The Advanced Photon Source is developing a suite of new X-ray beamlines to study materials and devices across many length scales and under real conditions. One of the flagship beamlines of the APS upgrade is the In Situ Nanoprobe (ISN) beamline, which will provide in situ and operando characterization of advanced energy materials and devices under varying temperatures, gas ambients, and applied fields, at previously unavailable spatial resolution and throughput. Examples of materials systems include inorganic and organic photovoltaic systems, advanced battery systems, fuel cell components, nanoelectronic devices, advanced building materials and other scientifically and technologically relevant systems. To characterize these systems at very high spatial resolution and trace sensitivity, the ISN will use both nanofocusing mirrors and diffractive optics to achieve spots sizes as small as 20 nm. Nanofocusing mirrors in Kirkpatrick–Baez geometry will provide several orders of magnitude increase in photon flux at a spatial resolution of 50 nm. Diffractive optics such as zone plates and/or multilayer Laue lenses will provide a highest spatial resolution of 20 nm. Coherent diffraction methods will be used to study even small specimen features with sub-10 nm relevant length scale. A high-throughput data acquisition system will be employed to significantly increase operations efficiency and usability of the instrument. The ISN will provide full spectroscopy capabilities to study the chemical state of most materials in the periodic table, and enable X-ray fluorescence tomography.
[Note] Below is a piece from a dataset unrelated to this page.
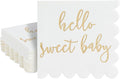 Juvale Baby Shower Napkins - 5 x 5 In, Gold Foil, 50 Pack - White Scalloped Napkins for Gender Neutral Baby Shower Decorations & Table Decor for Boy & Girl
In situ electrical characterization will enable operando studies of energy and electronic devices such as photovoltaic systems and batteries. We describe the optical concept for the ISN beamline, the technical design, and the approach for enabling a broad variety of in situ studies. We furthermore discuss the application of hard X-ray microscopy to study defects in multi-crystalline solar cells, one of the lines of inquiries for which the ISN is being developed.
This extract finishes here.